Does anyone have tips or sequence they use to troubleshoot performance slowdowns that come during tuning?
This weekend I was playing around with the TVMC driver. This makes it pretty convenient to take an existing ONNX file and see what happens when you tune with either autotvm or the new autoscheduler and then compare performance with untuned models.
Command likes I was using were typically of the form with fairly basic options.
tvmc tune --target rocm --output tunedbfile.json --enable-autoscheduler onnxfile tvmc compile --target rocm --tuning-records tunedbfile.json --output compilefile.tar onnxfile tvmx run --device rocm --fill-mode random --print-time --repeat 100 compilefile.tar
Sometimes the tuning significantly but there were also sometimes when it seemed tuning fell off a cliff to make a much slower program.

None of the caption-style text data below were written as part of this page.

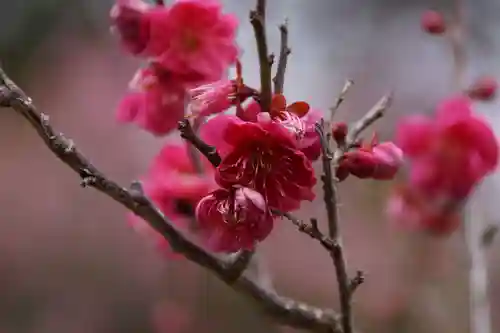 綱敷天満宮の自然
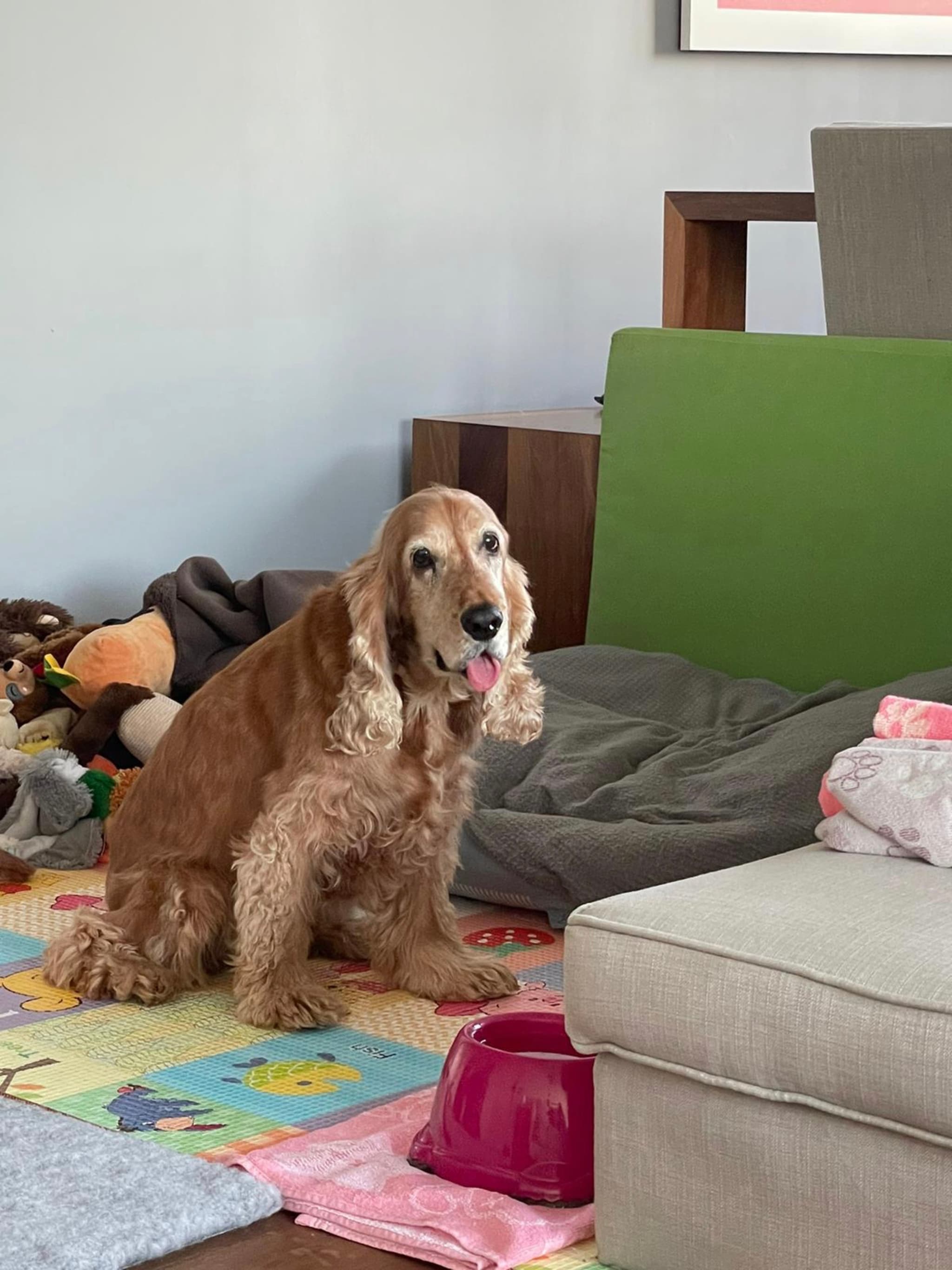 At home with her toys!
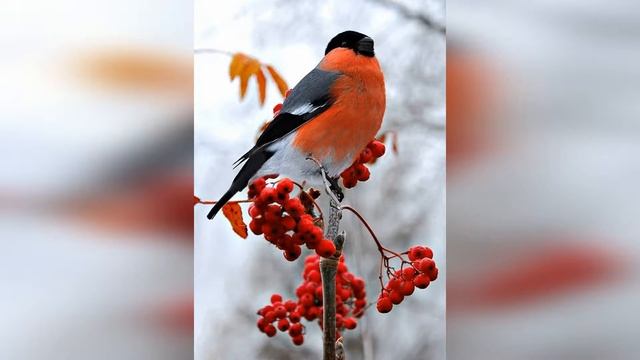 Как украсить сад зимой смотреть онлайн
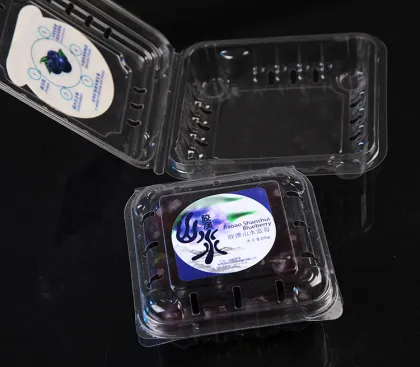 Automatic Packing Vacuum Forming Egg Tray Plastic Thermoforming Machines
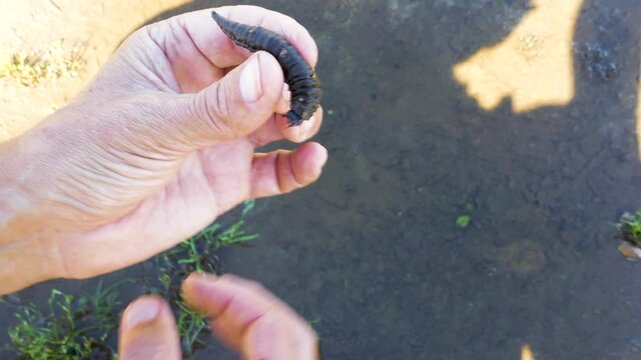 Larva of a predatory insect in a swampy pond. The water beetle (Dityscus) grub moves to another body of water due to drying out. Limnodium of North-Eastern Europe. In hand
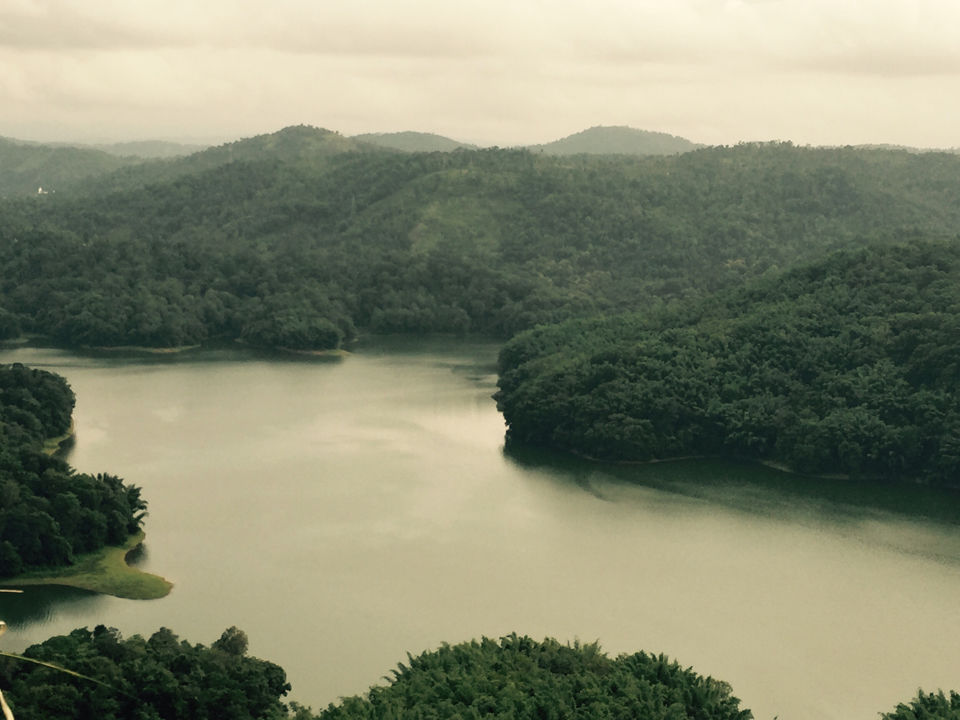 Photo of Munnar The Southern Manali by mukul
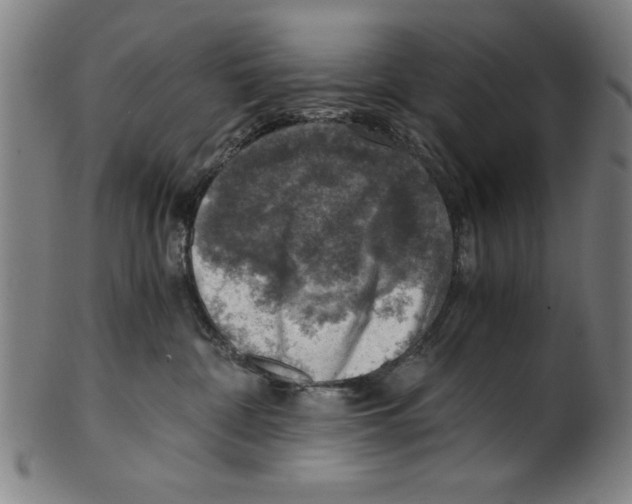 X0000100900332200807220957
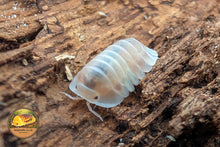 Cubaris Cappuccino Pink Isopods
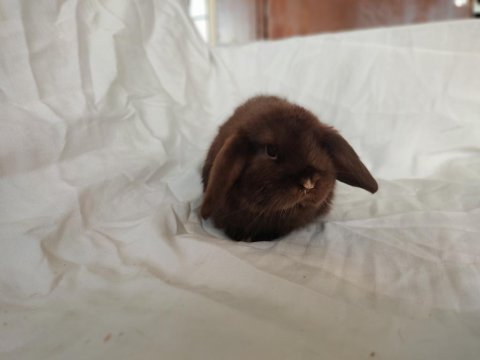 Cüce lop/miniatur lop cüce tavşan çiftliği alanya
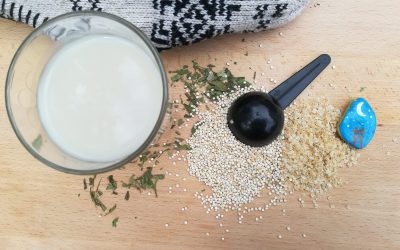 Lait de quinoa fait maison: bienfaits et recette
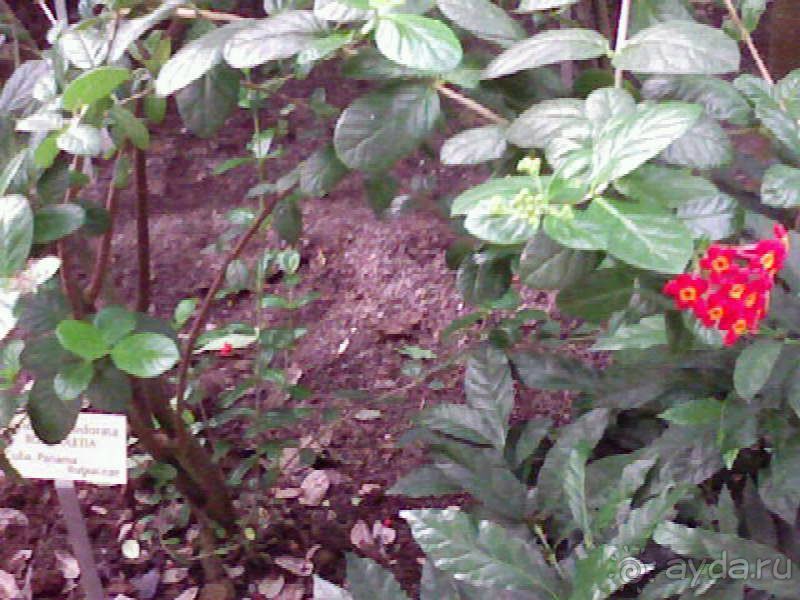 Ботанический сад им. Бергиуса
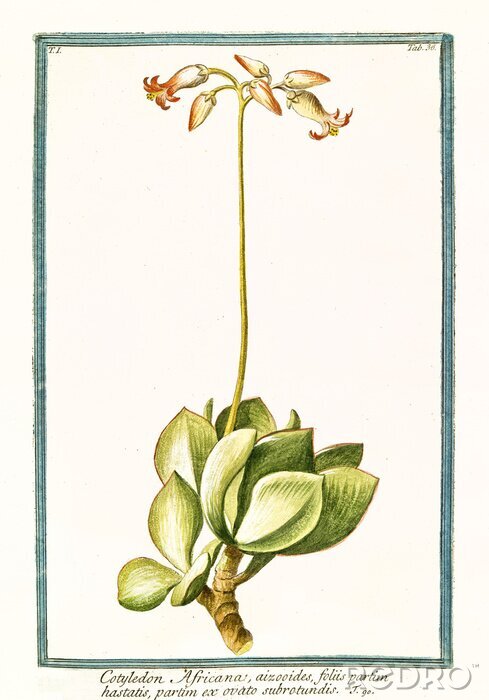 Poster Abbildung einer exotischen Pflanze in einem grünen Rahmen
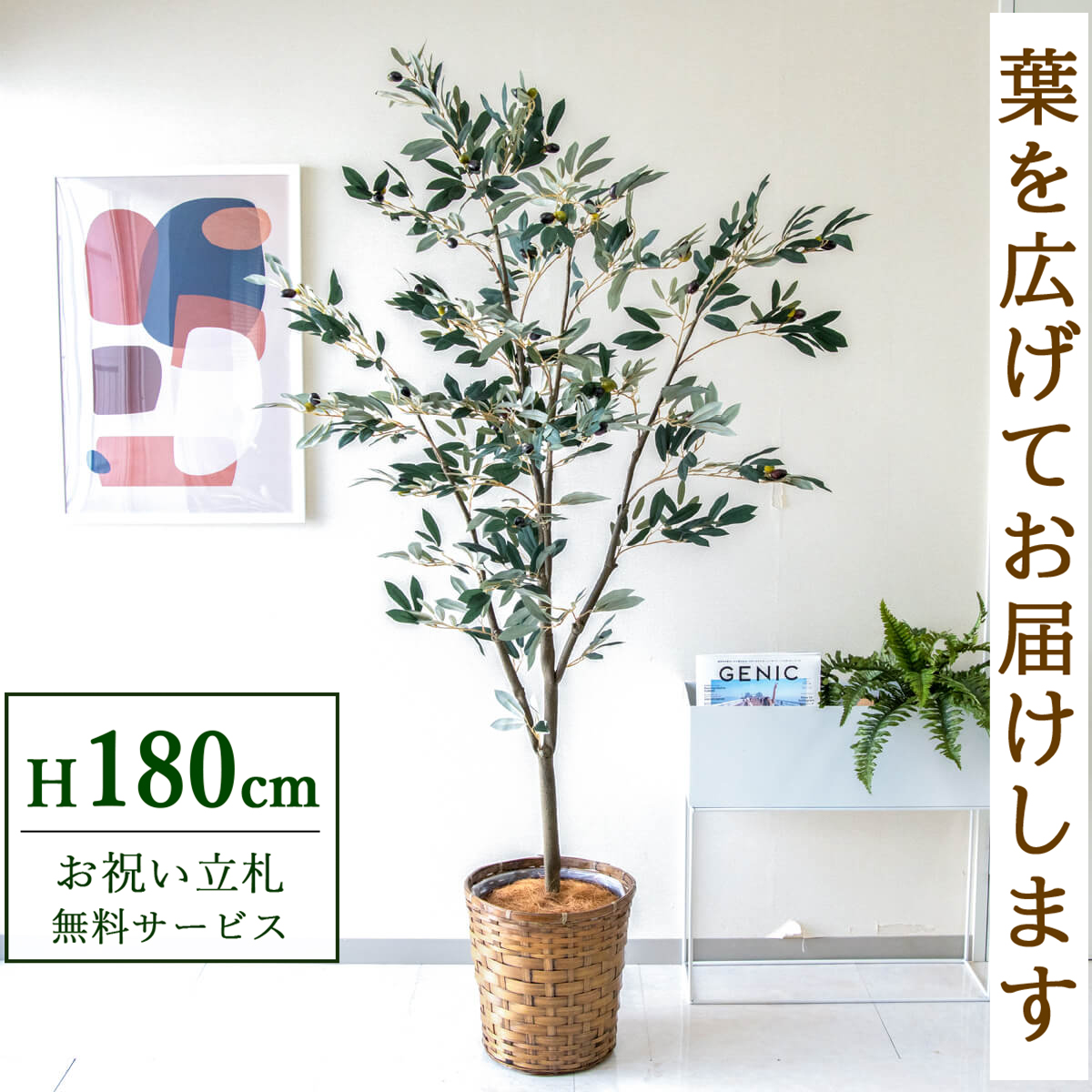 【すぐ飾れる】 フェイクグリーン オリーブ 180cm 大型 鉢付き / 法人・開店祝い 店舗・オフィス装飾 空間演出 立札無料・造花/PG246-S28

What are the best ways to troubleshoot and figure out what is going on when the performance significantly degrades? Any tips or tricks? I’ve found that I can use the --profile option on the tvmc run command to at least see the kernels in question that become much slower. However, I’m not quite sure on where/how to look next.
As a practical example, inception model exported from torchvision library works pretty well and resnet50 exported from torchvision is an example that slows down with a few convolution kernels much slower.
Not quite sure where/how to dig deeper on what might be going on.